This Might Be The Cutest Robot Ever: Hear How The 'SlothBot' Is Helping To Fight Climate Change

The fact that it's slow, like a sloth, brings a special advantage to this device. And it's cool enough that you'll want to find out more.

If we learned anything from the childhood fable, "The Tortoise and the Hare," it's that sometimes it pays to be slow.

At least, that's the thought process behind the creation of the SlothBot, an animatronic robot that monitors its natural environment.

The idea for the 'slow-bot' came from Magnus Egerstedt, a robotics professor at Georgia Tech, who became interested in sloths after a trip to Costa Rica.

Sloths were the inspiration for a slow-moving, hyper energy efficient robot that studies the effects of climate change. Sloth - Wikipedia

Egerstedt observed the lethargic animals who spend roughly fifteen hours a day sleeping. During the few hours the animals are awake, they travel about half the length of a football field. Still they manage to survive and thrive!

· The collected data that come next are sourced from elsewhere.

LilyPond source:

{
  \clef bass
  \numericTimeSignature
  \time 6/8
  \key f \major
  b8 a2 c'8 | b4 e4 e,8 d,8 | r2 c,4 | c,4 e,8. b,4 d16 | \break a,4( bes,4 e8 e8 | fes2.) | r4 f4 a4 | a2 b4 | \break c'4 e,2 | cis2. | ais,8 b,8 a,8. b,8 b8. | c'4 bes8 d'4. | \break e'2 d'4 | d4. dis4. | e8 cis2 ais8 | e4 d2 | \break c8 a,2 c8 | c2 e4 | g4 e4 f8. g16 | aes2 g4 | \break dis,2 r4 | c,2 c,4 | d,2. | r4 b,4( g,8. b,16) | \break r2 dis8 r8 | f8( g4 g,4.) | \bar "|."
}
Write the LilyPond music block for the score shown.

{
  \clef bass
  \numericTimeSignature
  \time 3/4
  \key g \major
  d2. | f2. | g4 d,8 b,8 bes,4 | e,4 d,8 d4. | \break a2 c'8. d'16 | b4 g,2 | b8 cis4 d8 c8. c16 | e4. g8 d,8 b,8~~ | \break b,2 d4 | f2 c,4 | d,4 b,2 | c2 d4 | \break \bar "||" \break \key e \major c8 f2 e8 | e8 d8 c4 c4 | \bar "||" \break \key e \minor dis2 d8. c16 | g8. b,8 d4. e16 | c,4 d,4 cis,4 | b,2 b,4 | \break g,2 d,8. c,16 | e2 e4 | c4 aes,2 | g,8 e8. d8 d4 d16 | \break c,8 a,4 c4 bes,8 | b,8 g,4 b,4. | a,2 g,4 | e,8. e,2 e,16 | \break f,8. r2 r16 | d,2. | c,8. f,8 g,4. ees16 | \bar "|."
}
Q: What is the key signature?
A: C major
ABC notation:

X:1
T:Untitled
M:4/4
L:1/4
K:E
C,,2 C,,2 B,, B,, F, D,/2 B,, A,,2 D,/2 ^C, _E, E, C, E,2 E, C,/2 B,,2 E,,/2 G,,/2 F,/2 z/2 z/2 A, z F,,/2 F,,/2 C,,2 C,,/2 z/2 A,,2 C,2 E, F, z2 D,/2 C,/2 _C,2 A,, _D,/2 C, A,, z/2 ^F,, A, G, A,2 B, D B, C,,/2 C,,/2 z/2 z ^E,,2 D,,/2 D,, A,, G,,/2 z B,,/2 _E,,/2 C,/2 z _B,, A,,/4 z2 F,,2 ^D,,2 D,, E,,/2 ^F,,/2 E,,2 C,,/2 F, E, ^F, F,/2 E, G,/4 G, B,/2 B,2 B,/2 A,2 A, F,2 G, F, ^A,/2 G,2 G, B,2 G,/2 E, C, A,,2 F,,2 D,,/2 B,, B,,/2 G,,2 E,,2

"I could not understand how these slow, tasty animals that are just sitting there waiting to be eaten by a jaguar could survive," Egerstedt told CNN. "So, I started reading about sloths and I got really excited about embracing slowness in robotics."

video c/o Georgia Tech

The SlothBot is equipped with a variety of sensors that record data on air quality, humidity, carbon dioxide levels and other environmental factors. And because it's small and slow, the bot is extremely energy efficient and can stay suspended in the trees for long periods of time.

"Step one to really doing something about the climate threat that we're facing is really understanding fundamentally what's going on," Egerstedt said.

The SlothBot, which is currently tracking conditions at the Atlanta Botanical Garden, is equipped to do just that. The bot travels across a cable suspended between two trees and uses solar panels for power. It can stay in the same spot and take measurements for months, even years, if needed - something that's incredibly difficult for humans to do.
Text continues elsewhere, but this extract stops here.